İŞÇİ EYLEMLERİ İLE DAYANIŞMAYA
Türkiye gençliği bugün, eğitimdeki sorunlardan gelecek ve iş kaygısına, sınırlanan hak ve özgürlüklerden ekonomik problemlere kadar çeşitli sorunlar ile boğuşuyor. Üniversite gençliği tek adam yönetiminin üniversitelere yönelik saldırılarından mustarip. Hem üniversitelerdeki anti demokratik uygulamalar hem onların sonucu olarak ortaya çıkan niteliksiz eğitim de üniversitelilerin tepkisini çekiyor. Lise gençliği ise parasız, bilimsel bir eğitim alamadığı için hoşnutsuz.
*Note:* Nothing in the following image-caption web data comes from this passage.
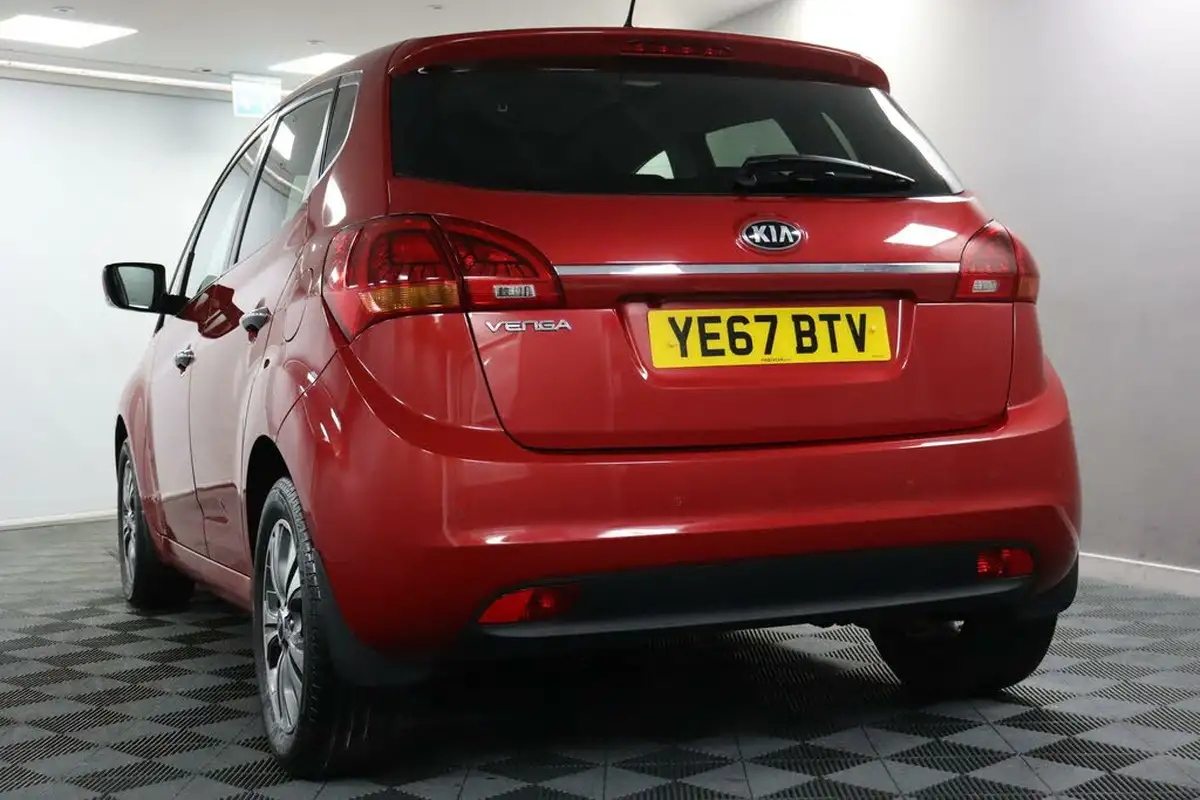 2017-kia-venga-16-4-auto-big-28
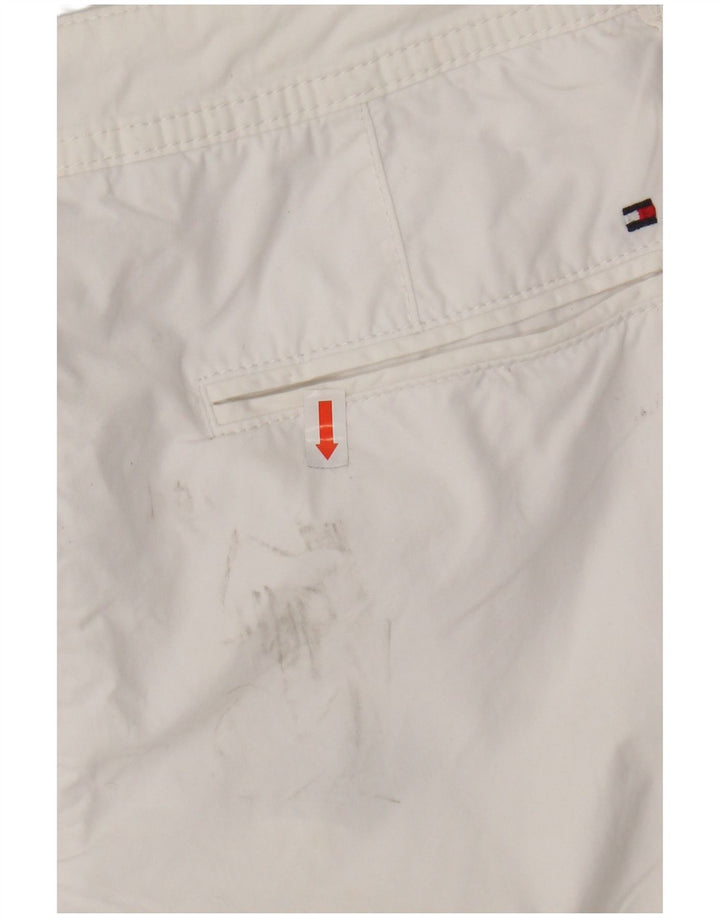 TOMMY HILFIGER Womens Chino Shorts US 6 Medium W28  White Cotton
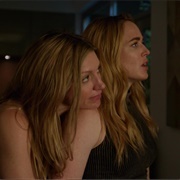 Sara & Ava (Legends of Tomorrow)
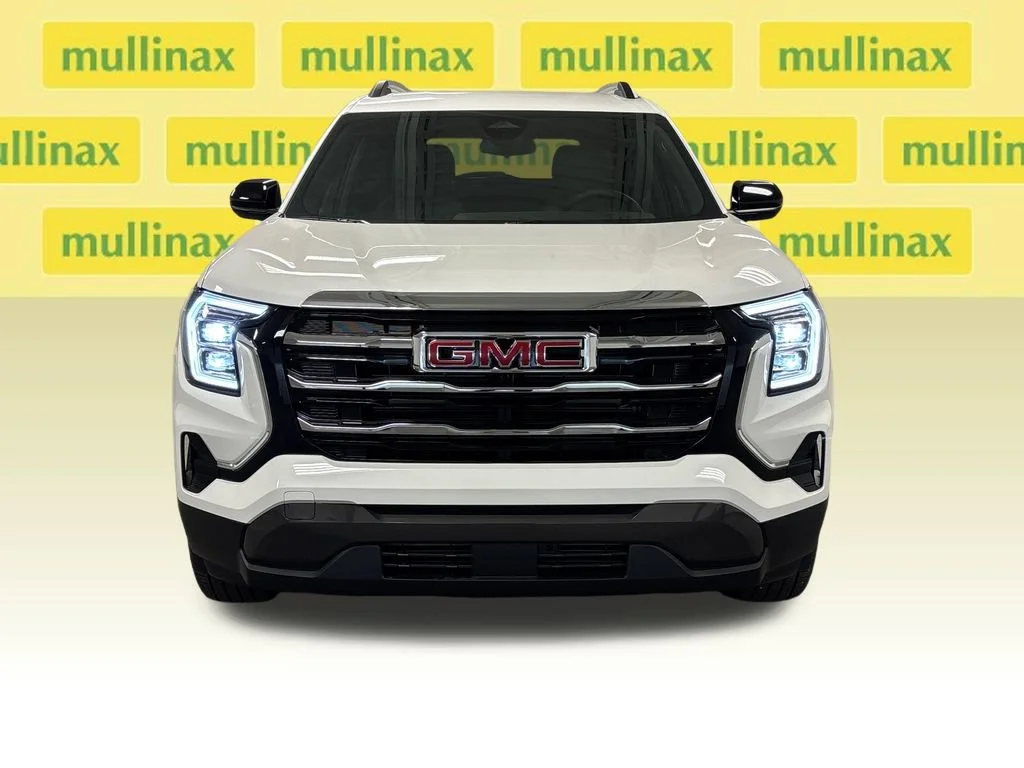 New 2027 Summit White GMC Elevation image 5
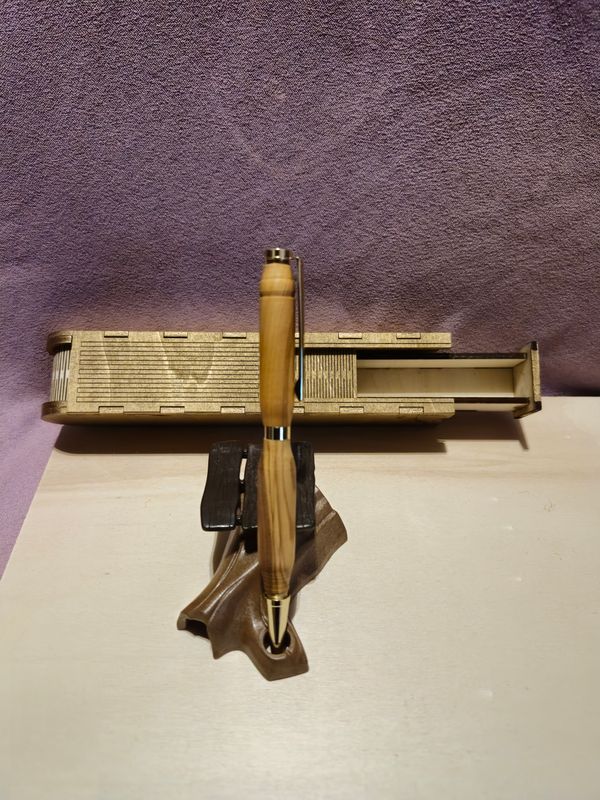 Oliven Holz Kugelschreiber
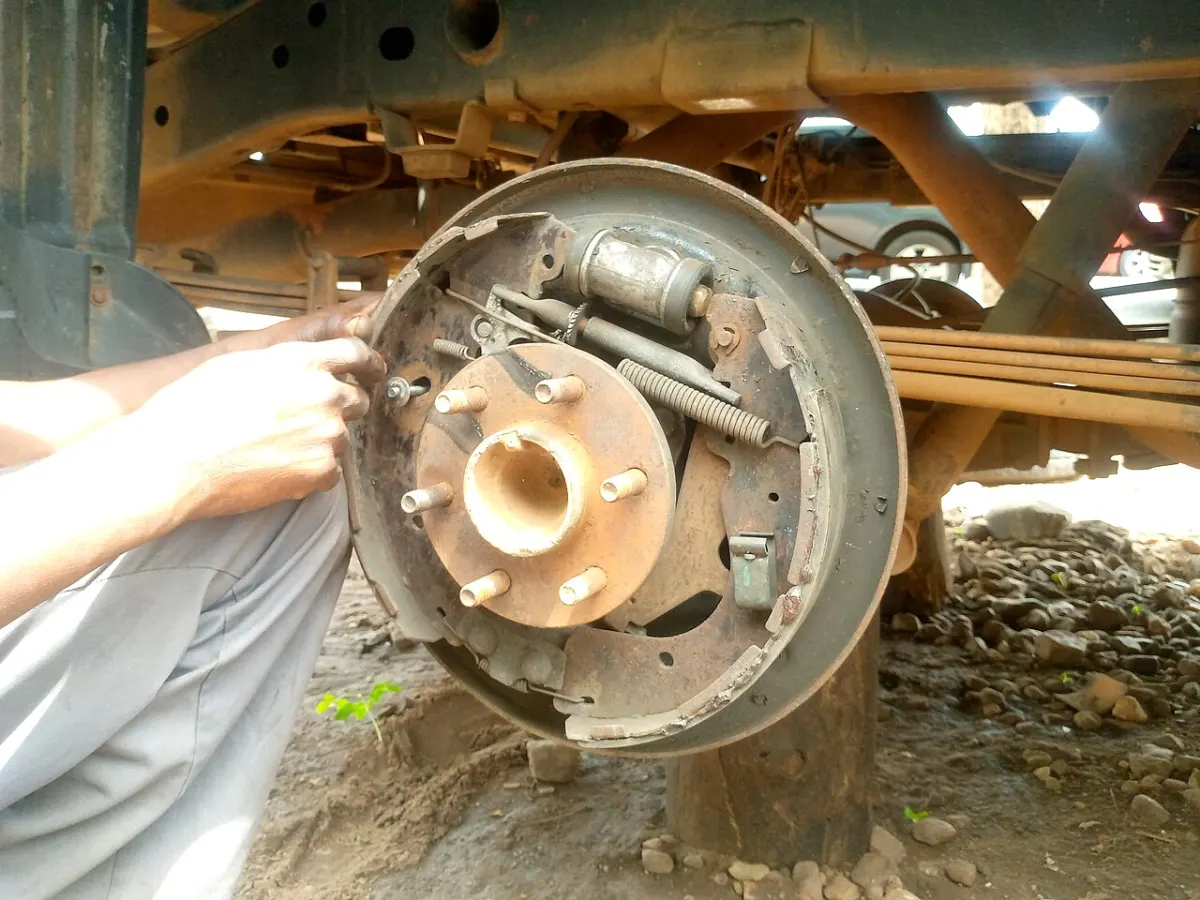 Vehicle Service Management System - Auto mechanic 01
Genç işçiler, tepesinde sürekli işsizlik sopasını sallayan patronların belirlediği ücretleri, temel geçim kalemlerine gelen zamlara karşı korumaya çalışıyor. Tek adam yönetiminin politikaları, düzeyleri değişmekle beraber Türkiye’de her kesimden gençlerin tepkilerini doğuruyor. Tekrar etmek pahasına ifade edelim: Türkiye gençliği tüm bu sorunların giderilmesi adına mücadele etmek durumunda. Türkiye’nin çeşitli illerindeki işçi eylemleri ile dayanışmak, kendi hak mücadelesini orayla bir görerek hareket etmek, her kazanımı kendi hanesine yazarken deneyimlerden de dersler çıkarmak bugünün ihtiyaçları arasındadır.
BİRLEŞİK VE ÖRGÜTLÜ MÜCADELE KAZANDIRACAK
Bu sayıdaki rotamızı Ali İhsan Gezer’in yeni çıkan Uygunsuz Adım kitabından bir alıntı ile sonlandıralım. “Bak yoldaş. Ben yaklaşık beş altı aydır seni izliyorum. Bir ordu mensubu olarak fazla iyisin. Bunu gördüm. Ancak örgütsüz, amaçsız ve bireysel davranıyorsun. Bu duruma son vermek gerekiyor. Bundan sonra daha bilinçli, programlı bir çalışma içine girmelisin.” Bu sade ifadeleri bir devrimci olan Mustafa Hoca, kitabın ana karakteri, bu konuşmadan sonra örgütlü mücadele içine atılacak Astsubay Ali’ye söylüyor. Mustafa Hocanın bu konuşmadaki vurgusu toplumda bir şeylerin değişmesini, haksızlıkların son bulmasını isteyen Ali’nin örgütlü bir mücadele vermesi gerektiğine yönelik. Aslında bu vurgu gerçek bir öykü olan bu kitabın her satırında var. Hak gasplarının her alanda arttığı, özgürlüklerin kısıtlandığı ama bu durumu bilmenin, haklı olmanın beş para etmediği, mücadele etmek dışında kesin kalıcı bir sonucun kalmadığı bir dönemde bu kitabın okuyucular için hazır olması ise bizler adına oldukça hoş bir tesadüf. Okumayanlar için kitabı tavsiye ederken birleşik örgütlü bir mücadelenin taleplerimizi kazandıracağını tekrar hatırlatıyoruz.